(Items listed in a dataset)
★ ★ ★

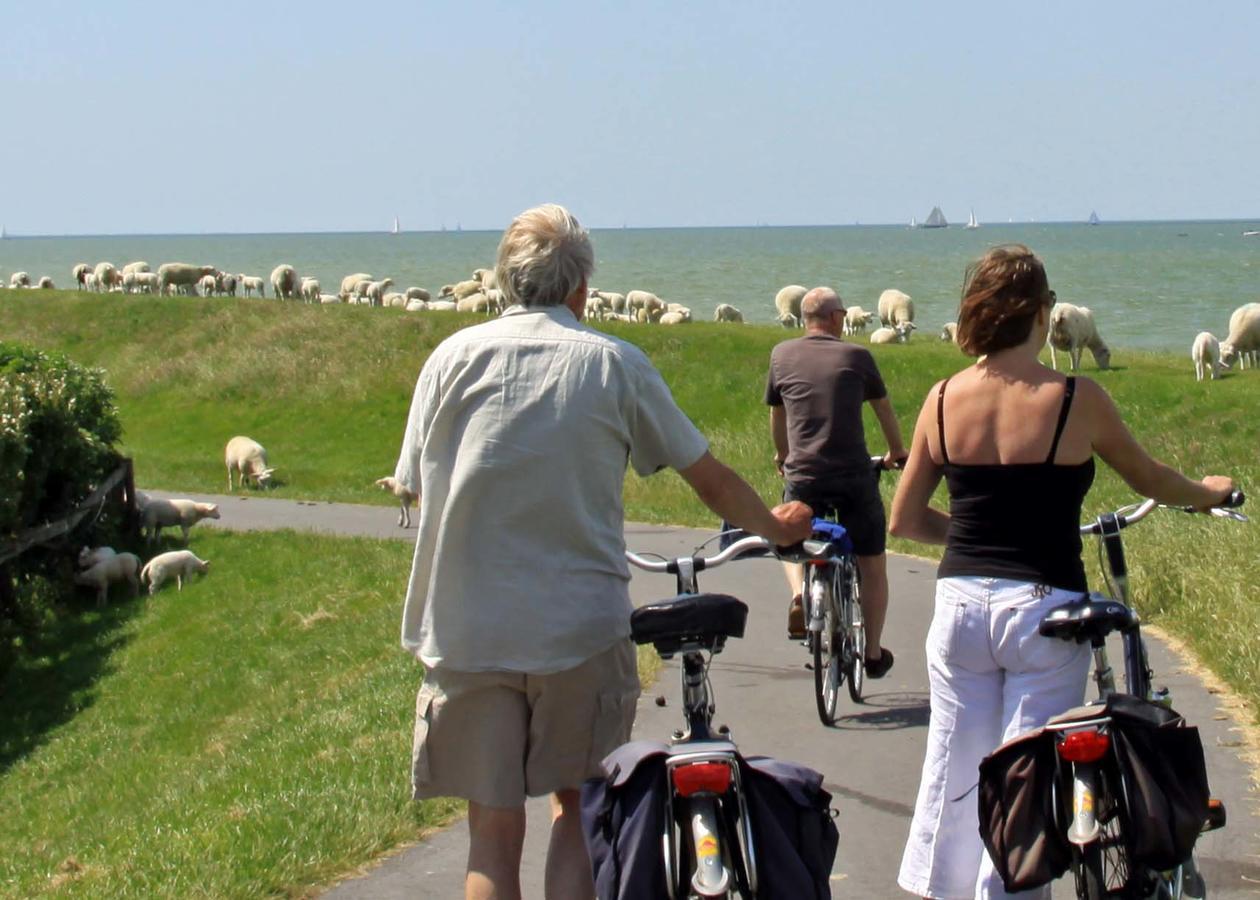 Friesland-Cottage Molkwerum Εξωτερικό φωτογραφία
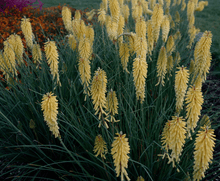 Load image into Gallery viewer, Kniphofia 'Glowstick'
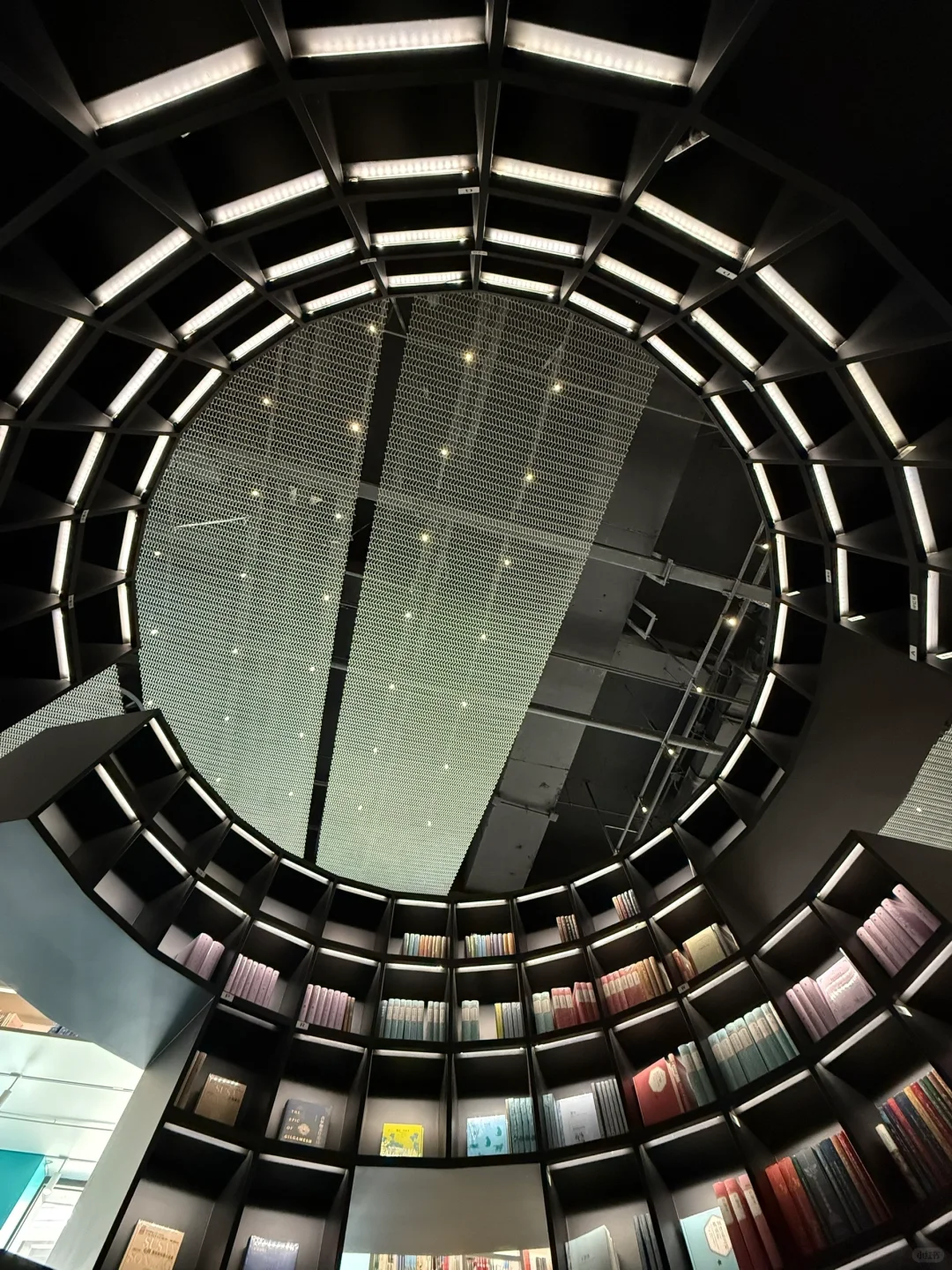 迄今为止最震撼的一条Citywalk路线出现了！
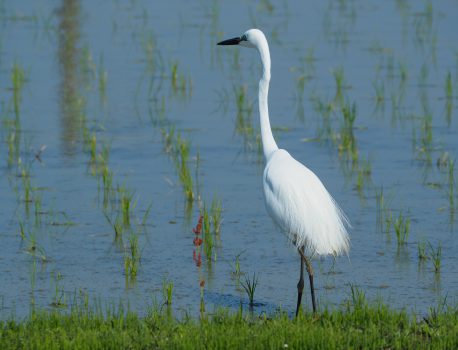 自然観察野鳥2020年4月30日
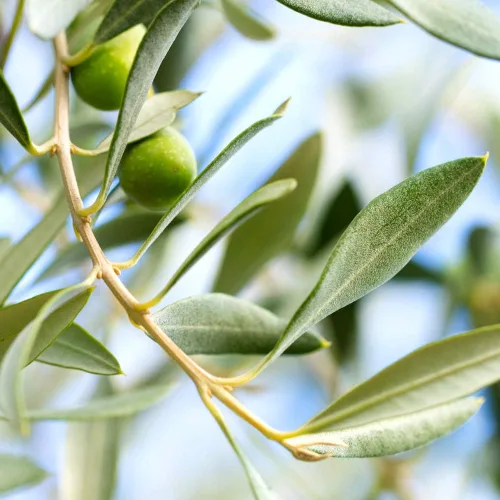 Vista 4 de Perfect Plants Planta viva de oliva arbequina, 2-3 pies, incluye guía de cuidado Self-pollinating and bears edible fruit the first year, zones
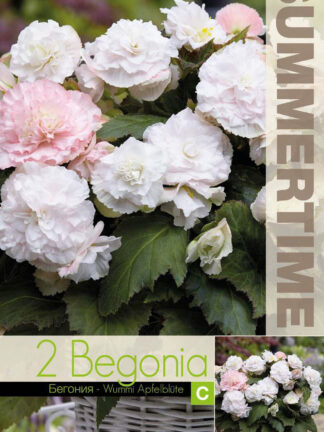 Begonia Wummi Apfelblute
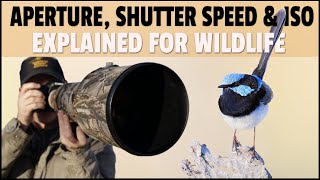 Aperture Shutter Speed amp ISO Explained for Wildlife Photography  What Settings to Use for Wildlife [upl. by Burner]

★ ★ ★

What the exercise asks ->
Begin at the first line of the data above and repeat each line exactly, stopping after the line containing "Begonia Wummi Apfelblute". Omit the pictures.

Answer for this exercise ->
 Friesland-Cottage Molkwerum Εξωτερικό φωτογραφία
 Load image into Gallery viewer, Kniphofia 'Glowstick'
 迄今为止最震撼的一条Citywalk路线出现了！
 自然観察野鳥2020年4月30日
 Vista 4 de Perfect Plants Planta viva de oliva arbequina, 2-3 pies, incluye guía de cuidado Self-pollinating and bears edible fruit the first year, zones
 Begonia Wummi Apfelblute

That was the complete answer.